Helen H

Helen H.

I was always one of the blessed people who never had to deal with any significant health issues and never even gave my health status much thought. As my family was preparing to welcome my first grandchild into the world, I began to feel that something was not right with me. I was feeling tired and found that my usual routine in the gym was becoming more and more difficult. Over the course of only a few months my stamina had diminished significantly. Given all of the excitement and anticipation around my daughter's pregnancy, I was not paying much attention to what was happening in my body. On September 20, 2015 my beautiful granddaughter was born; the joy and wonder was beyond description. My husband and I went to Chicago from our home in Florida to be there for her birth. I finally admitted to myself that I had a medical problem that needed attention when I found the repeated walk from our hotel to the hospital, only a few blocks away, was causing me to feel short of breath.
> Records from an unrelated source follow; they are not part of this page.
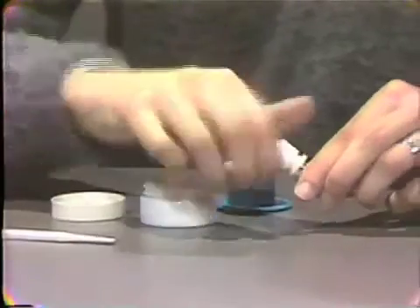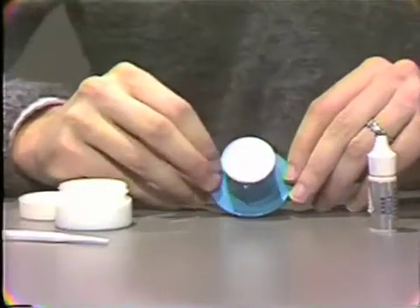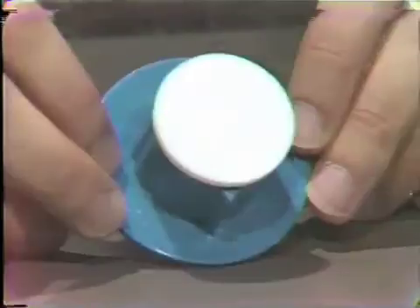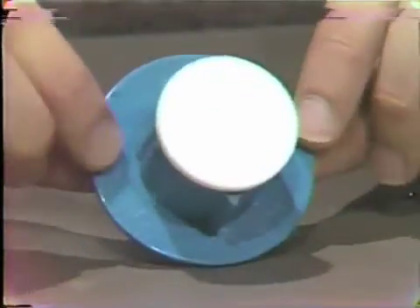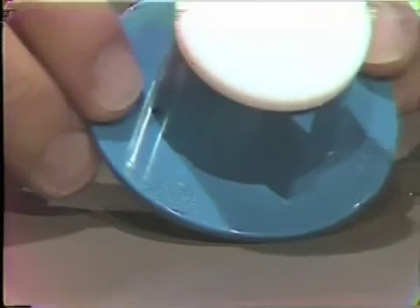Unique to the Kerr system is the Smilometer, which serves as a mixing pad and dispenser for the paste. There are three positions on the Smilometer. The first position indicates dispensing for a small amount of paste. The middle position is the mixing position, used for a large and small mix. The third position provides for the dispensing of a large portion of paste.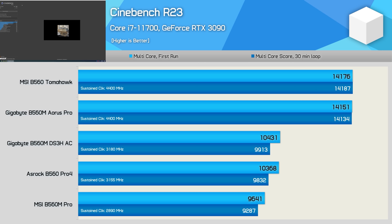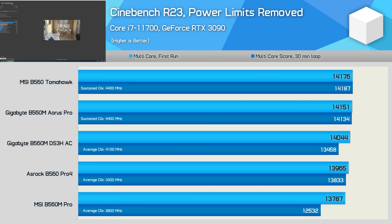I set out to do the B560 VRM temperature testing and found it wasn't as straightforward as I thought. I started on the higher end boards and they operated as expected — with something like a Core i7 11700 we're looking at a 4.4 GHz all-core frequency. But some other boards were at 3.2, 3.0, 2.9 GHz — quite all over the place out of the box. Some could remove power limits and get 4.4 GHz; others maxed out at around 4.2 GHz. So it was quite important which board you bought.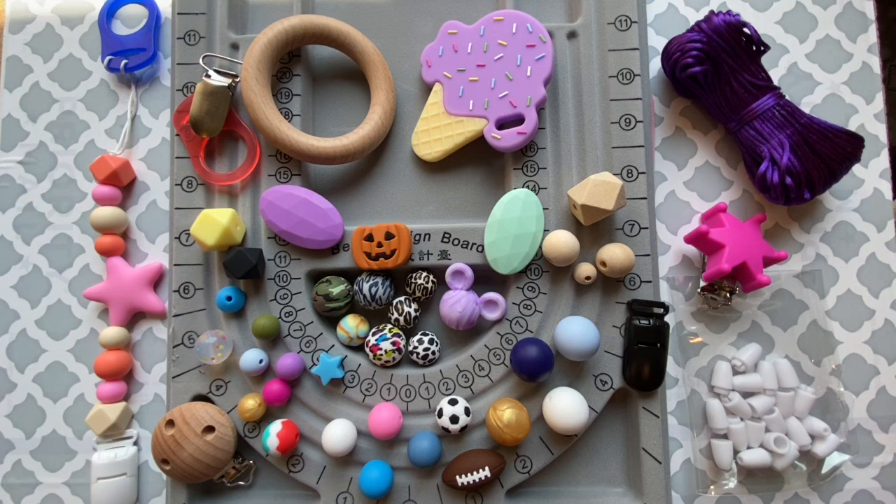Moving on, we have other super fun focal-type beads. We carry 14 and 17 millimeter hexagons as well as really fun printed beads — like camouflage, leopard or cheetah, some Lisa Frank inspired beads, and water slide beads.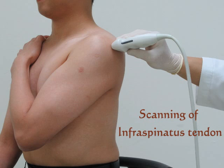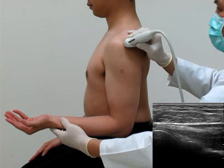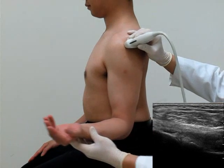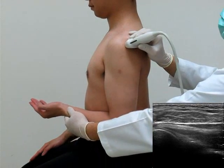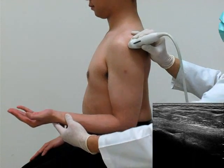Infraspinatus and teres minor tendons are examined at the same position, by putting the patient's arm across the chest with the hand on the opposite shoulder. The posterior cuff is examined by placing the transducer on the posterior lateral part of the shoulder. The infraspinatus tendon can be visualized inferior to the spine of the scapula. Dynamic study can be done with active or passive external-internal rotation of the patient's shoulder.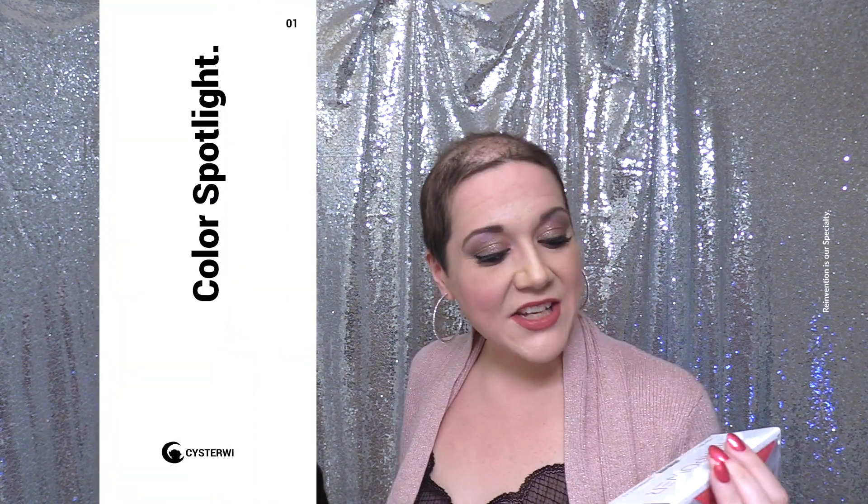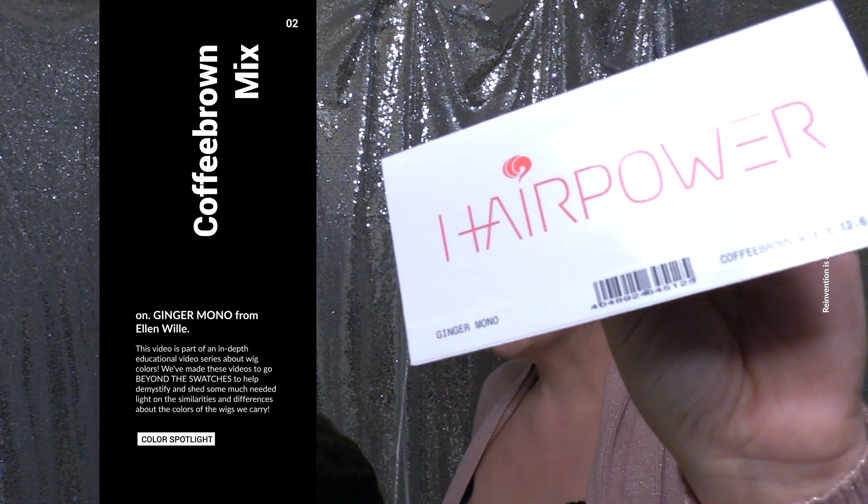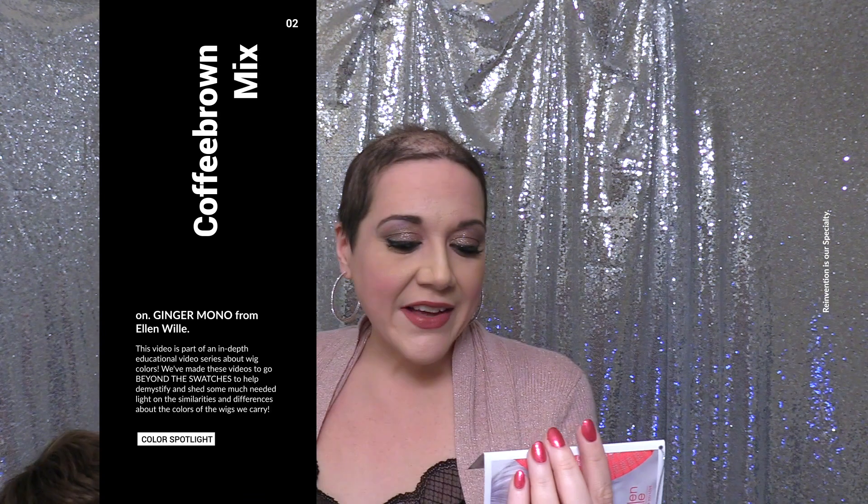Hi there wig lover, this is Heather from CysterWigs.com, and this is a short and sweet color spotlight of the Coffee Brown Mix from Ellen Villa on the Ginger Mono Wig. The color code is 8126.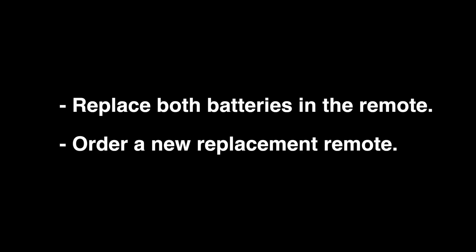In the unlikely event that your remote is still not working, replace both batteries in the remote with new ones. You can also order a new replacement remote — we'll put a link down in our description box where you can find that replacement remote.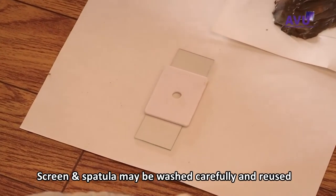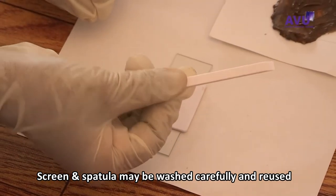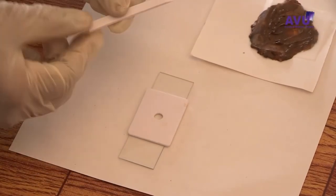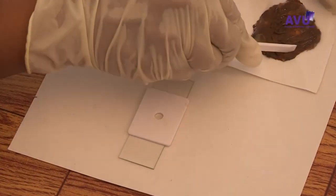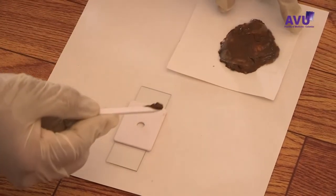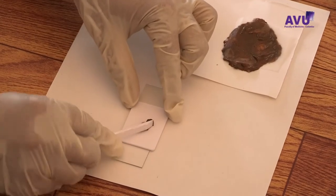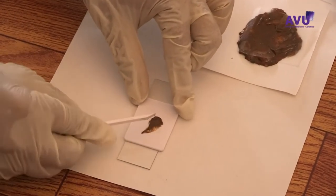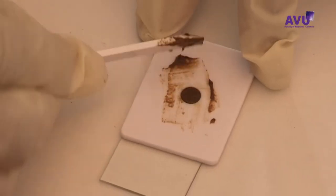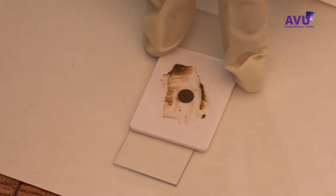Using the spatula, scrape across the upper surface of the wire mesh or screen to collect the sieved faeces. Add sieved faeces until the hole of the template is completely filled. Pass the edge of the spatula over the hole to level off and remove any excess faeces.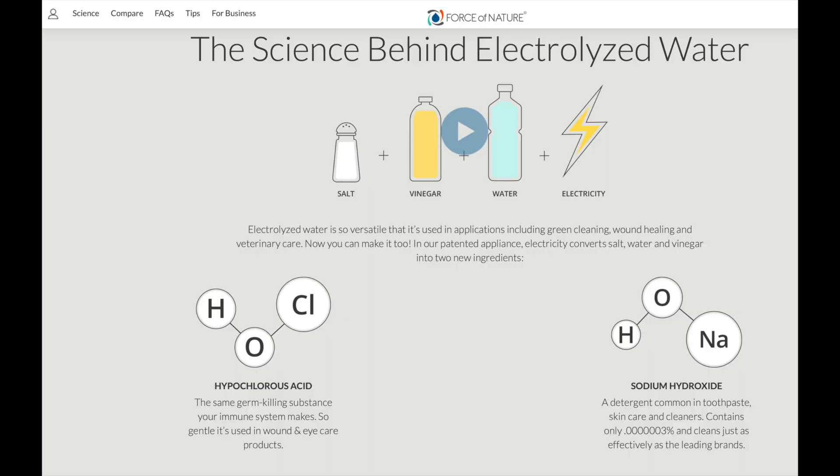Force of Nature is a different kind of cleaning product — one that we actually make fresh in our homes. All we have to do is take some water, put it in the electrolyzer, add the concentrated packet of vinegar and salt, and turn on the machine to electrolyze the solution to create sodium hydroxide and hypochlorous acid, which is a disinfectant.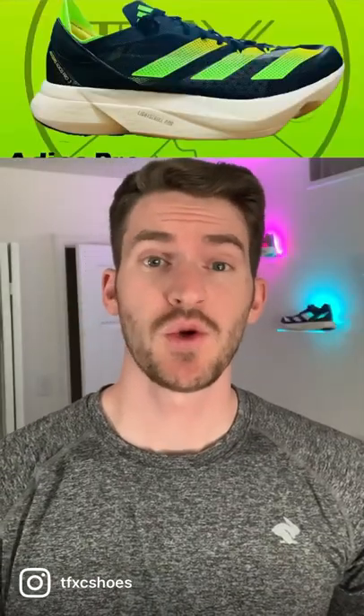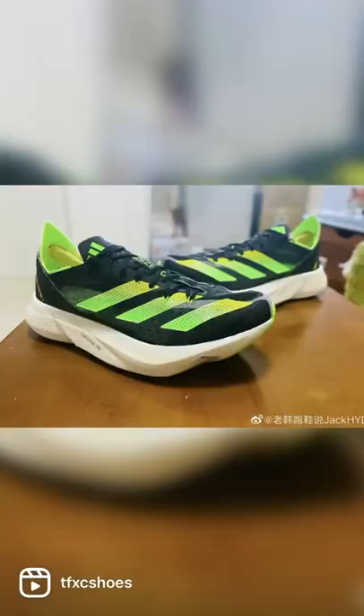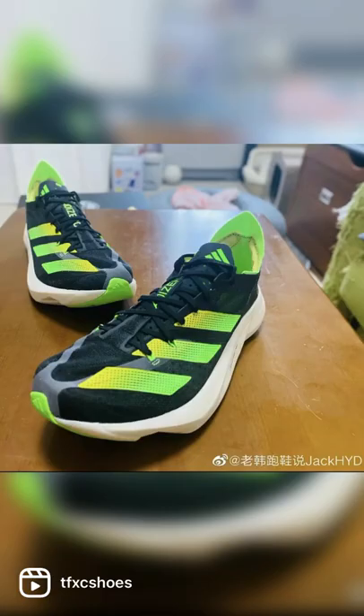The Adidas Adios Pro 3 is on the way and we've got a first look. It doesn't show any drastic changes, but it kind of reminds me of the Takumi Sen 8 midsole with a Prime X upper. Taking a closer look, it looks like there's an evolution of the cellar mesh upper, with reinforcement around the bottom laces to help give you a better lock in.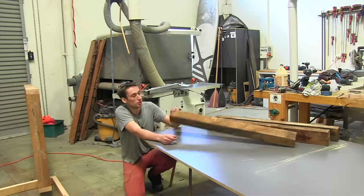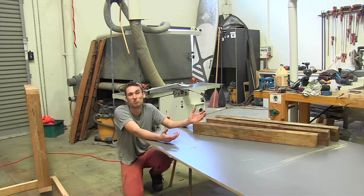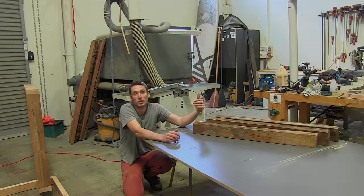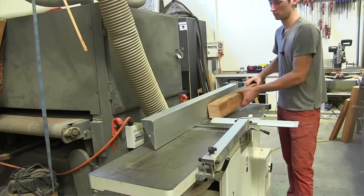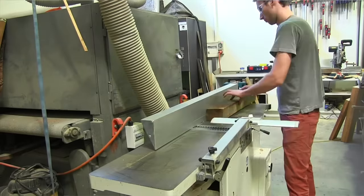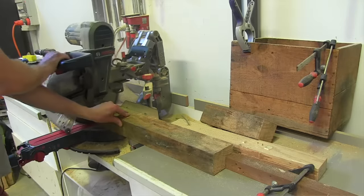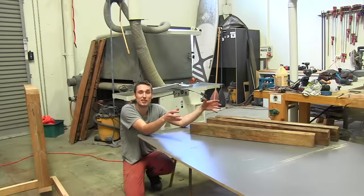For the legs, I'm using some old posts — probably pine or something similar. I'm cutting them down slightly oversized to about 750 millimetres. I'll then take them to the jointer and square up two edges, which gives me a nice square reference surface for the outside corners of the legs. I don't care about the inside corners. Then I'll trim them to final length using a stop block to ensure all four legs are the exact same height.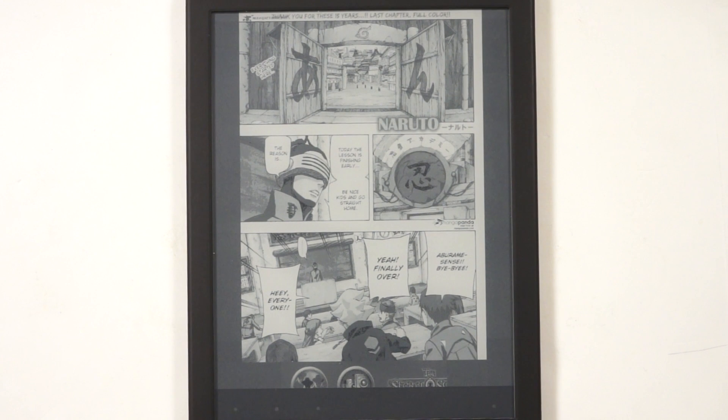Hey everyone, welcome to another Goody Reader app review. My name is Michael, this is Peter. Today we have the Icarus Illumina XL, and people have been asking us what the manga experience is like on this device. We downloaded Manga Rock, but first you'll notice there's an ad bar at the bottom that refreshes the screen.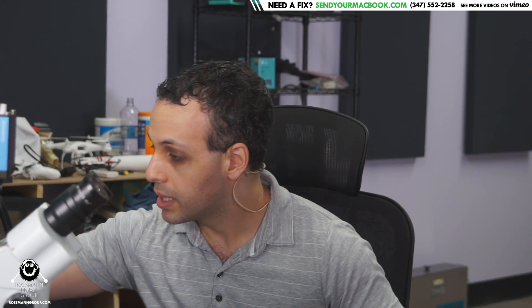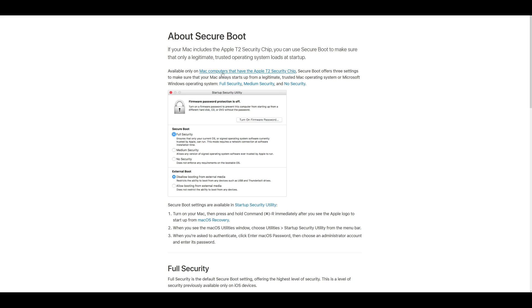It is a common problem. Sometimes this occurs because an update failed, other times it occurs because, well, Apple. Now this was an issue that prior to Catalina was a fairly routine simple fix. However, after Catalina came out it started opting people into this thing called secure boot by default. Secure boot says: if your Mac includes the Apple T2 security chip, you can use secure boot to make sure that only a legitimate trusted operating system loads at startup — available only on Mac computers that have the T2 chip.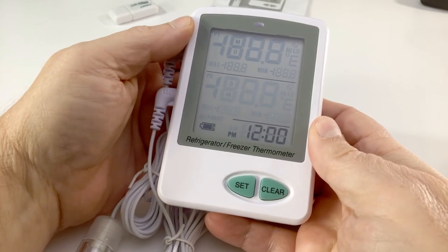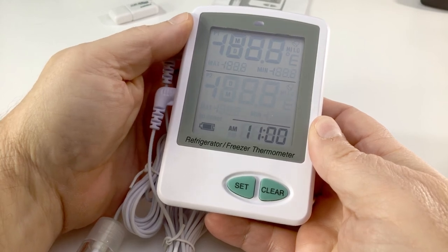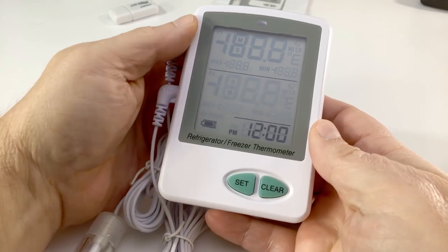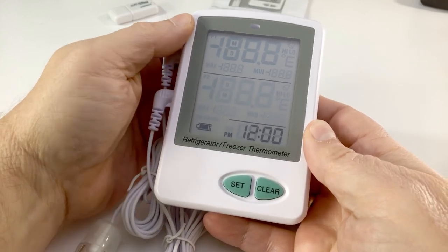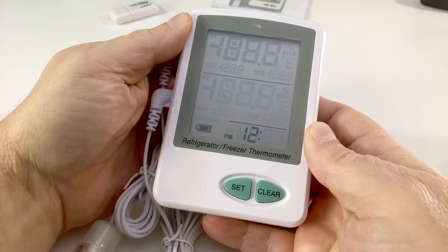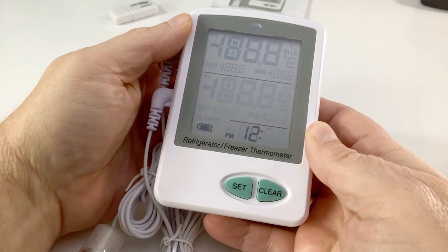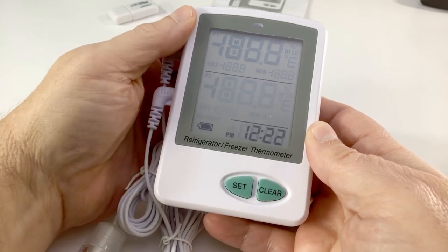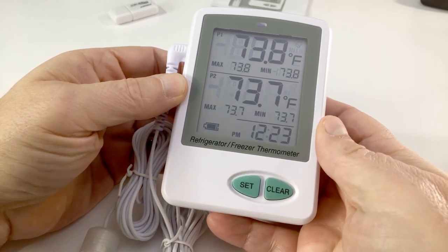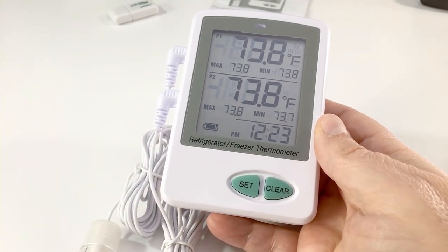For the hour format it is 12. To show you, going back takes you to 11am; in 12-hour format go forward to 12 and press Set to make your selection. It is 23 minutes after — press and hold the button to scroll quickly forward to 23, then press Set. The unit is now configured for date and time. We will now set the alarm set points.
Thinking it was my heart I scheduled a chest x-ray and echocardiogram upon my arrival back home. I never ended up getting the echocardiogram as the chest x-ray presented me and my family with the shock of our lives: I had a right lower lobe lung mass along with multiple small nodules in both lungs. The biopsy showed adenocarcinoma of the lung, presenting me with the diagnosis of Stage IV non-small cell lung cancer. As a non-smoker and healthy woman, I had never suspected that my health issue would be related to lung cancer. With a lot more life to live, my own misconception of lung cancer was challenged. The thought that I would be a lung cancer patient had never even crossed my mind.

I was initially treated with chemotherapy and after five months switched to another treatment, Tarceva, due to progression on my previous regimen. I was told I had an EGFR mutation, but it was a variant mutation of which not much is known in regard to optimal treatment. Fortunately, I have had a response to the Tarceva and my status is being monitored with periodic CT scans. Because of the fact that we know so little about the variant EGFR mutations and so many other aspects of lung cancer treatment, my family and I have become committed to doing whatever we can to help support lung cancer research.

Lung cancer kills nearly twice as many women each year as breast cancer, but funding for lung cancer research lags way behind. With this comparative funding inequality, in large part due to the smoking related stigma of this disease, performing critical research regarding lung cancer and its treatment has been limited. It is my hope that we can overcome this problem, obtain increased funding for lung cancer research and that the benefits will allow me to live to watch my granddaughter grow and meet the many more grandchildren I hope to have in the future.